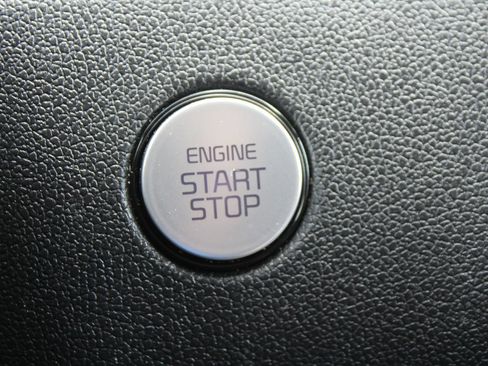 Certified 2023 Kia Sorento S FWD image 33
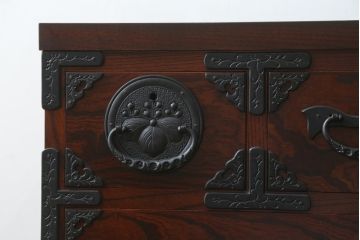 中古　美品　岩谷堂箪笥　漆塗り　力強い杢目と存在感のある金具が魅力的な衣装箪笥(和たんす、整理タンス、収納箪笥、引き出し、サイドチェスト)(R-079970)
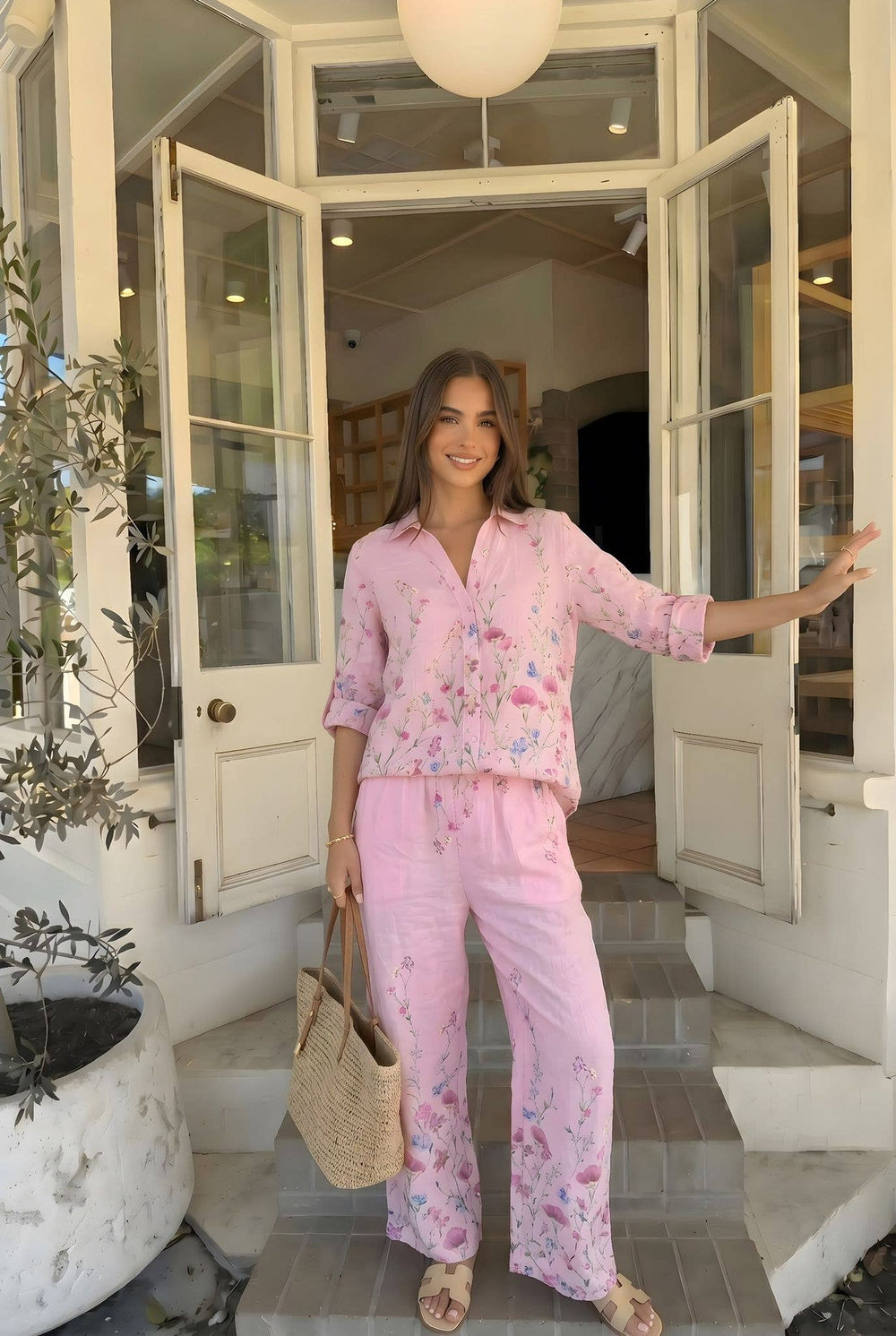 Pantalon Imprimée Fleur Porté Avec La Chemise20984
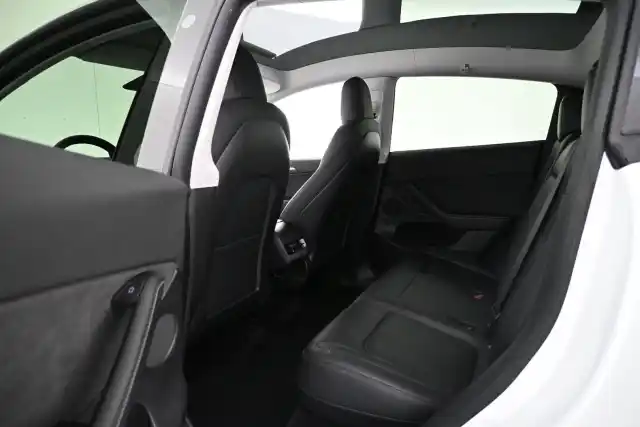 Valkoinen Maastoauto, Tesla Model Y – VAR-39363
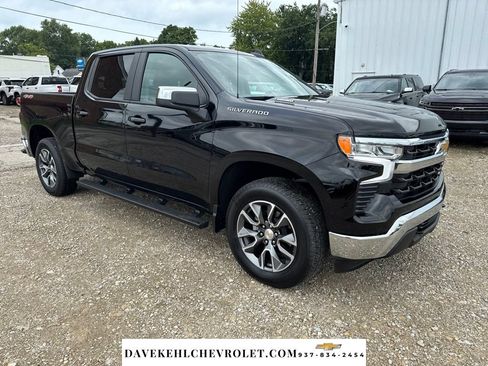 Used 2025 Chevrolet Silverado 1500 LT AWD/4WD image 1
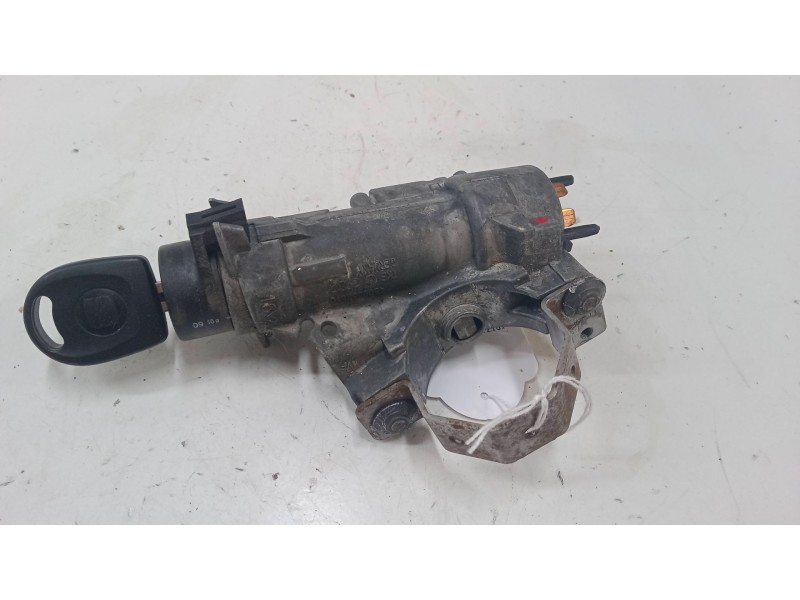 Recambio de clausor para seat ibiza iv (6j5, 6p1) 1.4 tdi referencia OEM IAM 4b0905851c  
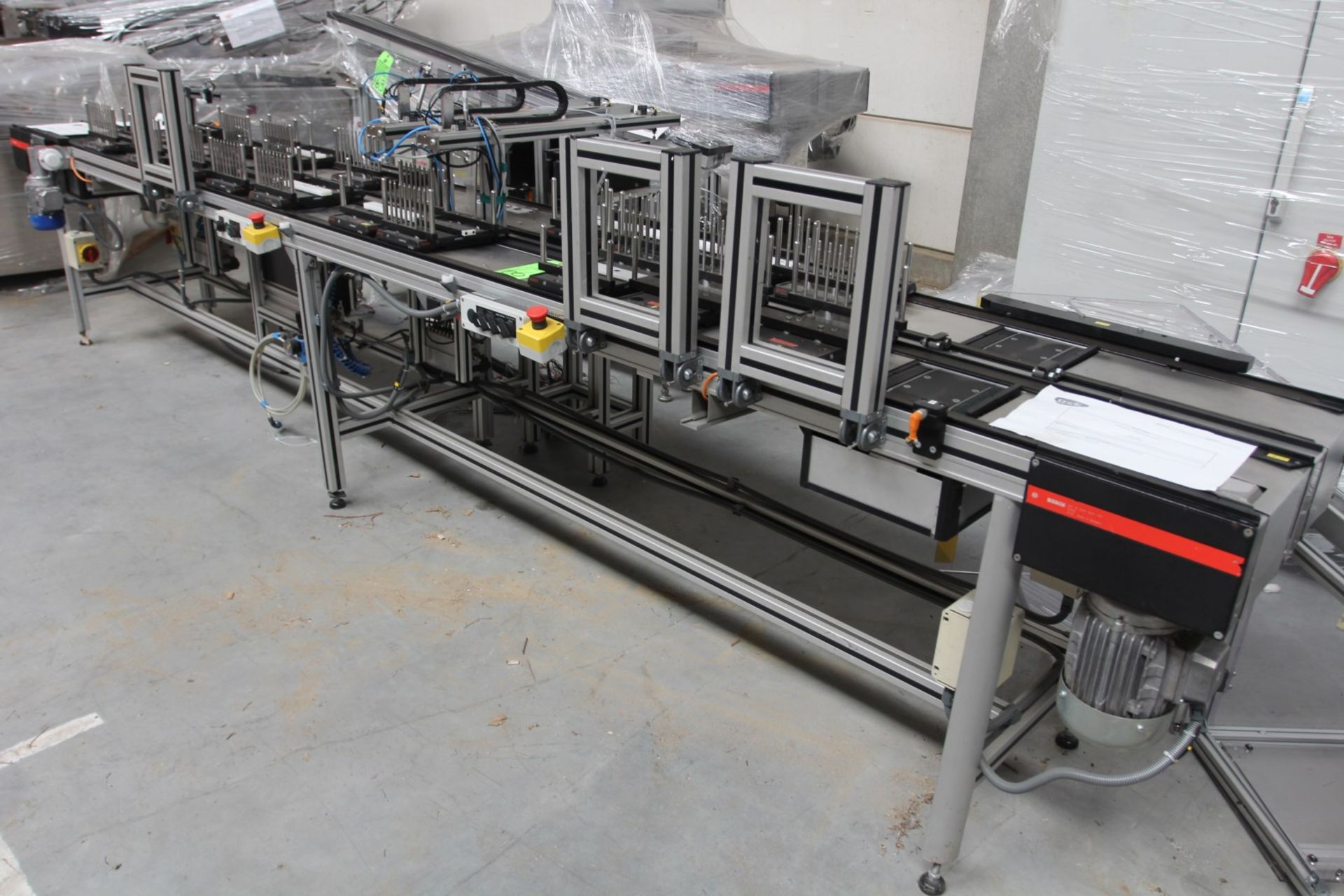 Groninger Syringe Transport Conveyor System w/ Bosch, (Location: DK MOVES, Arthur De Coninckstraat - Bild 3 aus 8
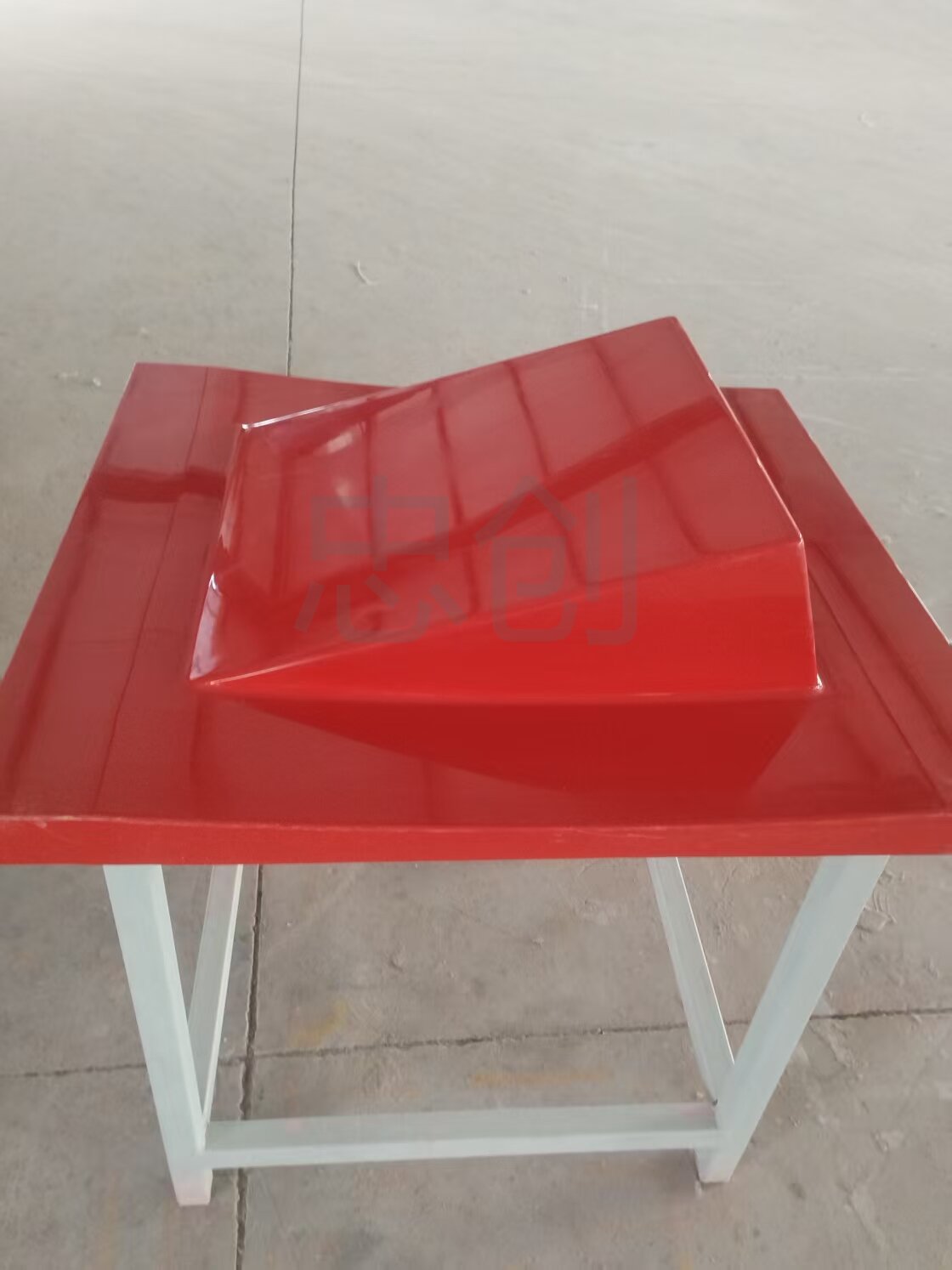 Counterweight cabin mold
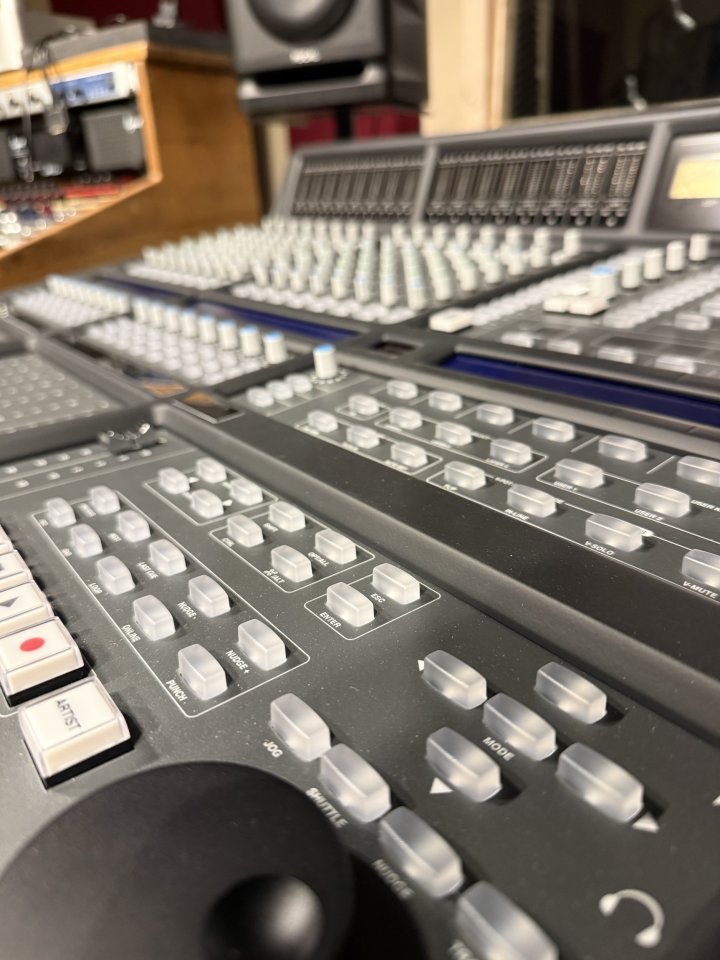 Mesa SSL Matrix II nueva de segunda mano · Foto 4 de 4 · Barcelona · 12000 €
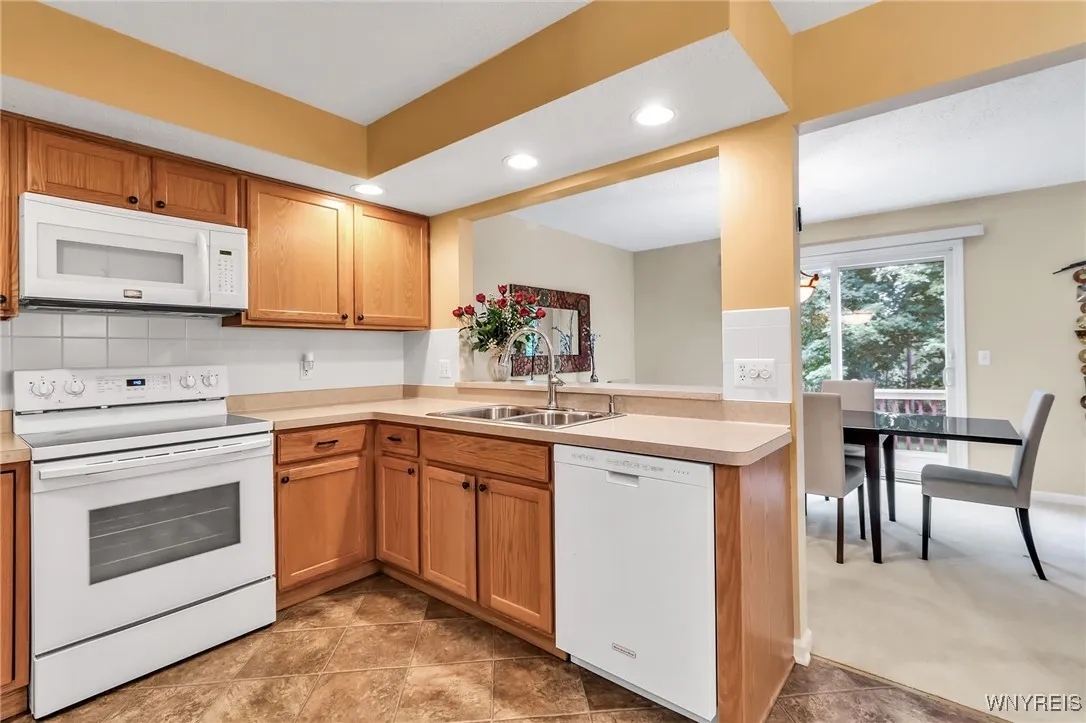 5468 Village Station Circle, Clarence, New York 14, Clarence, New York 14221, 2 Bedrooms Bedrooms, 6 Rooms Rooms,1 BathroomBathrooms,Residential,For Sale,5468 Village Station Circle, Clarence, New York 14,B1622305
┄┄┄┄┄┄
- TASK DESCRIPTION -
Could you write out, word for word, the lines from the one containing "Counterweight cabin mold" through the last line of the records, leaving out the pictures?

- WRITTEN ANSWER -
 Counterweight cabin mold
 Mesa SSL Matrix II nueva de segunda mano · Foto 4 de 4 · Barcelona · 12000 €
 5468 Village Station Circle, Clarence, New York 14, Clarence, New York 14221, 2 Bedrooms Bedrooms, 6 Rooms Rooms,1 BathroomBathrooms,Residential,For Sale,5468 Village Station Circle, Clarence, New York 14,B1622305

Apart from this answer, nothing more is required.